• **TASK TO COMPLETE**
Print, please, exactly the lines from the one with "Disselfarm placed its" through the final line of the data below, with both ends included and the pictures left out.

++++ DATA ++++

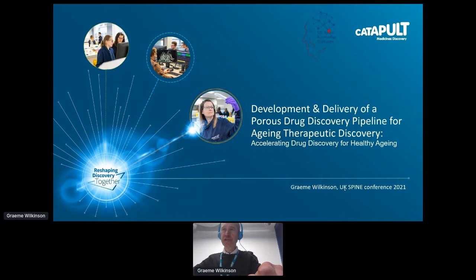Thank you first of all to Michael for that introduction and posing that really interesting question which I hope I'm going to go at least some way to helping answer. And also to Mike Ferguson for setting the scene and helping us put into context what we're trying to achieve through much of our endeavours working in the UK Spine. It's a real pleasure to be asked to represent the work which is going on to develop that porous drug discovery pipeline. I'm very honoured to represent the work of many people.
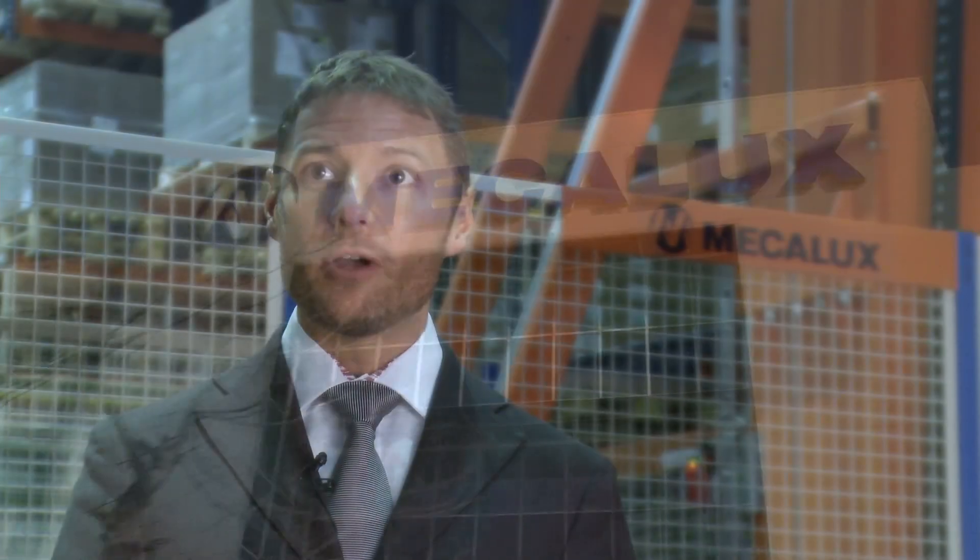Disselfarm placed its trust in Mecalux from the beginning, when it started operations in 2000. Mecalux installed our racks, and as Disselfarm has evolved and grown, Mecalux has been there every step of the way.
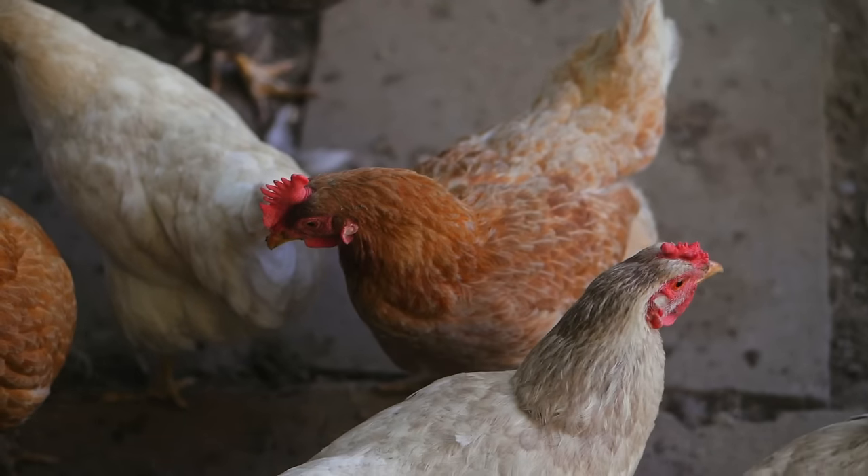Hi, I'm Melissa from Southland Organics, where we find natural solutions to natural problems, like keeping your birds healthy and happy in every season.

++++

• **RESPONSE TO THE EXERCISE**
Disselfarm placed its trust in Mecalux from the beginning, when it started operations in 2000. Mecalux installed our racks, and as Disselfarm has evolved and grown, Mecalux has been there every step of the way.
Hi, I'm Melissa from Southland Organics, where we find natural solutions to natural problems, like keeping your birds healthy and happy in every season.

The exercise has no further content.